Verification is session-scoped. The Rust core runs each command, records its exit status and output, and rolls every report up into a single summary that travels alongside the turn result.
Running Verification Commands
A verification command is a small, named check: an id, a kind, a
human-readable description, and the command to run. Mark a check required
when a failure should be treated as a hard failure rather than a warning.
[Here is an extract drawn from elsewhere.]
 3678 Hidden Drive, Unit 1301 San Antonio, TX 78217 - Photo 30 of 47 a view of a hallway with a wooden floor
const report = await session.verifyCommands('release-readiness', [
{
id: 'build',
kind: 'build',
description: 'Project compiles',
command: 'cargo build --all-features',
required: true,
timeoutMs: 120000,
},
{
id: 'tests',
kind: 'test',
description: 'Unit tests pass',
command: 'cargo test',
required: true,
},
]);
console.log(report);report = session.verify_commands('release-readiness', [
{
"id": "build",
"kind": "build",
"description": "Project compiles",
"command": "cargo build --all-features",
"required": True,
"timeout_ms": 120000,
},
{
"id": "tests",
"kind": "test",
"description": "Unit tests pass",
"command": "cargo test",
"required": True,
},
])
print(report)The subject (here release-readiness) labels the batch so multiple
verification passes within one session stay distinct in the reports.
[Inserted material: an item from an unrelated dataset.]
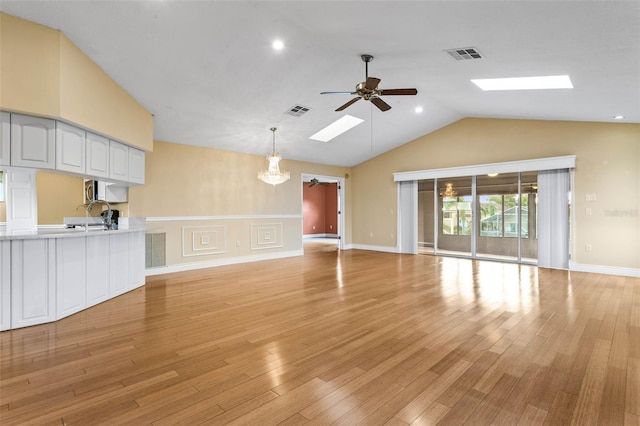 unfurnished living room featuring sink, lofted ceiling, light wood-type flooring, and ceiling fan with notable chandelier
Reading The Post-Turn Summary
Every turn's send() result also carries read-only verification fields, so you
can gate on the outcome without issuing a separate verification call. Use these
to decide whether the turn actually accomplished what it claimed.
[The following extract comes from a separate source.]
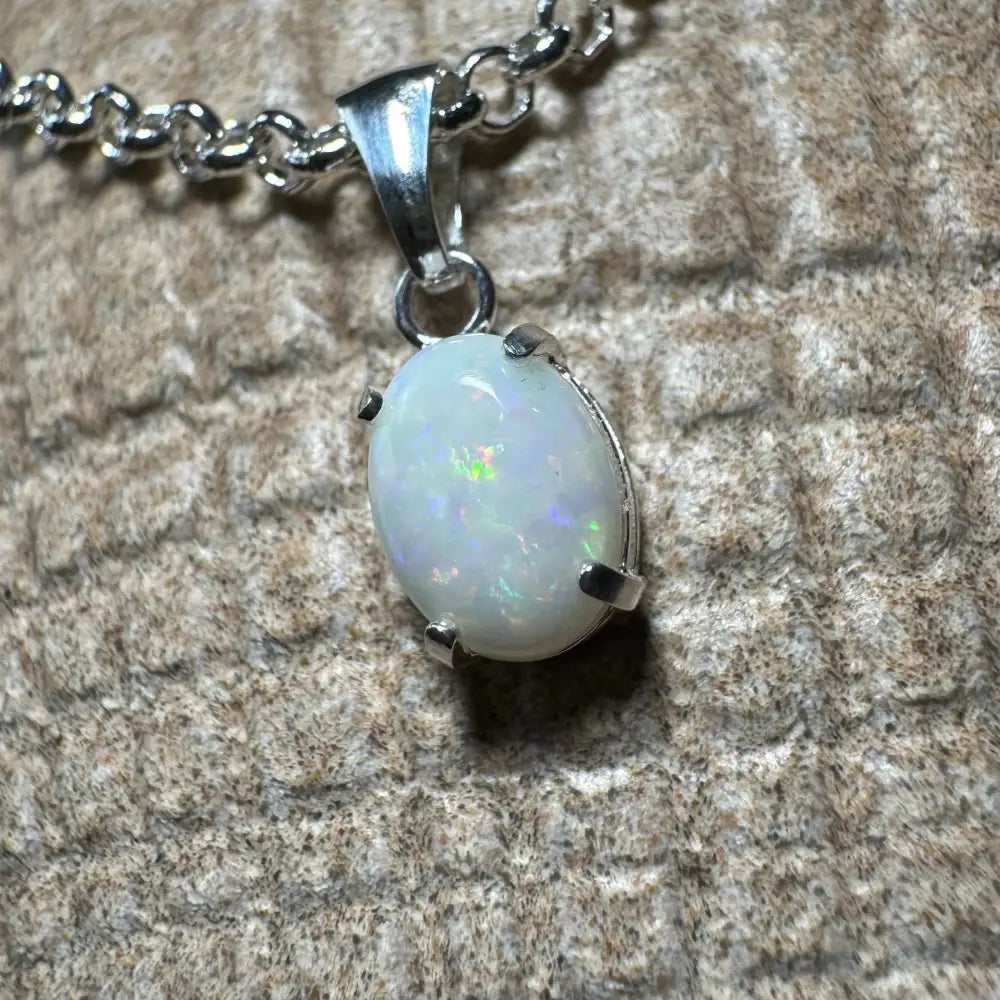 Silver opal pendant necklace from Three Sisters Shine, handcrafted with 0.9ct Coober Pedy opal and sterling silver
const result = await session.send('Apply the fix and run the checks');
console.log(result.verificationStatus);
console.log(result.pendingVerificationCount);
console.log(result.failedVerificationCount);
console.log(result.verificationReportCount);
console.log(result.verificationSummaryText);
if (result.failedVerificationCount > 0) {
throw new Error('Turn reported done but verification failed');
}result = session.send('Apply the fix and run the checks')
print(result.verification_status)
print(result.pending_verification_count)
print(result.failed_verification_count)
print(result.verification_report_count)
print(result.verification_summary_text)
if result.failed_verification_count > 0:
raise RuntimeError('Turn reported done but verification failed')Inspecting Reports And Summaries
Beyond the per-turn fields, the session exposes the full set of reports, a structured summary, the available presets, and a human-readable digest. The digest is the quickest way to show a person why a turn passed or failed.
import { formatVerificationSummary } from '@a3s-lab/code';
const reports = session.verificationReports();
const summary = session.verificationSummary();
const presets = session.verificationPresets();
// Either the session helper or the standalone formatter yields readable text.
console.log(session.verificationSummaryText());
console.log(formatVerificationSummary(summary));reports = session.verification_reports()
summary = session.verification_summary()
presets = session.verification_presets()
# The session helper returns a ready-to-print human-readable digest.
print(session.verification_summary_text())verificationPresets() returns the built-in check templates the runtime ships
with, so you can compose your command list from known-good defaults instead of
hand-writing every check.
Why This Matters
Without verification, an agent run ends on the model's word. With it, the run ends on observable evidence: a build that compiled, a test suite that passed, a linter that stayed quiet. The summary text gives you the audit trail; the counts on the result let you fail closed in automation.